I started seriously writing again in 2017 (that 2009 draft memoir sat in a drawer for eight years). Whenever anyone suggested that I try fiction, I snorted and said, “No f***ing way!”
So here we are in 2021. I’ve been mired in confusion about essay topics and feeling simply lost. I went for a long walk with my friend and complained about my stuckness. She said, “Why don’t you try fiction?” At this point I was desperate enough to try anything, sort of like an aging NFL wide receiver who decides to try ballet to increase his agility.
So here’s a tiny attempt at fiction. It’s just a vignette – an 86 year old woman looking in her mirror:
Eleanor used to tell me when I had hairs sprouting from my chin. Now I need a 15x magnifying mirror and bright sunlight to see them. Unlike Gloria Swanson, I abhor a close up. Eleanor, who planted the Magnolia Japonica I can see through the bathroom window, has been gone for eight years now. Its blooms used to enrapture us every spring, but now they just break my heart.
My son, who moved to London for an impressive job in derivatives that I don’t understand, only visits once a year. My daughter, who lives just a county away, comes more often, but I have to endure her sneaking looks at my sagging neck, my cloudy pupils, the photos of Eleanor and me. She still doesn’t understand why I left her beloved father, why I chose to remake my life with a woman. Facing my lesbianism and my extreme age makes her restive and jumpy within ten minutes of walking through my door.
Students don’t come by anymore. Once the dissertations are defended, PhDs conferred and career-making publications celebrated, mentors are discarded.

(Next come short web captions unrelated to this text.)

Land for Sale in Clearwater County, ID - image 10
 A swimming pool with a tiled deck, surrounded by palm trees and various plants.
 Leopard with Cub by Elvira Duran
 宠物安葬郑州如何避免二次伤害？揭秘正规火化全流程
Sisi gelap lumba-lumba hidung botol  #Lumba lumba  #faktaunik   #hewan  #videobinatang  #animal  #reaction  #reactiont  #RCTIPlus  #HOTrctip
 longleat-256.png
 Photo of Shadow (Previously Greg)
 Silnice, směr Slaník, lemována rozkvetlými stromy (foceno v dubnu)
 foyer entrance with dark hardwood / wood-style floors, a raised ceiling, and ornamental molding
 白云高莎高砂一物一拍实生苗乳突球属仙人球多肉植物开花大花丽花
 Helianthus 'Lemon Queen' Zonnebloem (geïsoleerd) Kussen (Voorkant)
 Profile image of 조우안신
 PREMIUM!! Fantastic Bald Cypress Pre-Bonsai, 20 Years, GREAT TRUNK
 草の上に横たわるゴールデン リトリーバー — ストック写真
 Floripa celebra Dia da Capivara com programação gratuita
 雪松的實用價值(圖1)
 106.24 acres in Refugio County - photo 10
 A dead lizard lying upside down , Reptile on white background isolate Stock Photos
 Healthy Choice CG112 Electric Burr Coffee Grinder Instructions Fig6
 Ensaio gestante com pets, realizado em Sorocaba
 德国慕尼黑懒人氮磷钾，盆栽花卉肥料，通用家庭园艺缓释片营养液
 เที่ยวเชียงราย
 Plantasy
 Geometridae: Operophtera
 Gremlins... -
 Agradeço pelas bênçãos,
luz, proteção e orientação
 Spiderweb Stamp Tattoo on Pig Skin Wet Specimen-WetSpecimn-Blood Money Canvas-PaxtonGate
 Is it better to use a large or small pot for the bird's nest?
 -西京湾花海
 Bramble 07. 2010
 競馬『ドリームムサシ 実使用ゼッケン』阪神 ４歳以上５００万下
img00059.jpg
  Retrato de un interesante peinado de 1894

I still walk every day, no matter the weather. I still read deeply, albeit slowly and with a bright light. I haven’t published in a good long while. There has been no formal discussion with my publisher or the university regarding my retirement, but since I became ‘Distinguished Emeritus’ at 80 no one’s asked me to produce so much as a journal article.
So here I am, on this bright March morning in my dead quiet house, struggling with these hairs on my chin. The magnolia tree’s flowers hurl my mind back to the spring we planted it. When it was young and new I’d go stand in the bathroom just to see the blossoms. Sometimes I’d also catch a glimpse of my face in this same mirror radiant with the light of loving and being loved.
I don’t know what’s gonna happen with this fiction thing. But I am forging ahead simply because it is terrifying. I’m rewriting the memoir as a novel, telling myself it’s just an exercise, charting out a narrative following Joseph Campbell’s Hero’s Journey Model, imagining new characters and a happy ending for the story. I am just typing and trying really hard to ignore the “What the hell are you doing, you’re not a novelist!” voice in my head.
I have no idea why I’m doing this. But I guess that’s the whole point of a leap of faith. You leap. You can’t see the other side!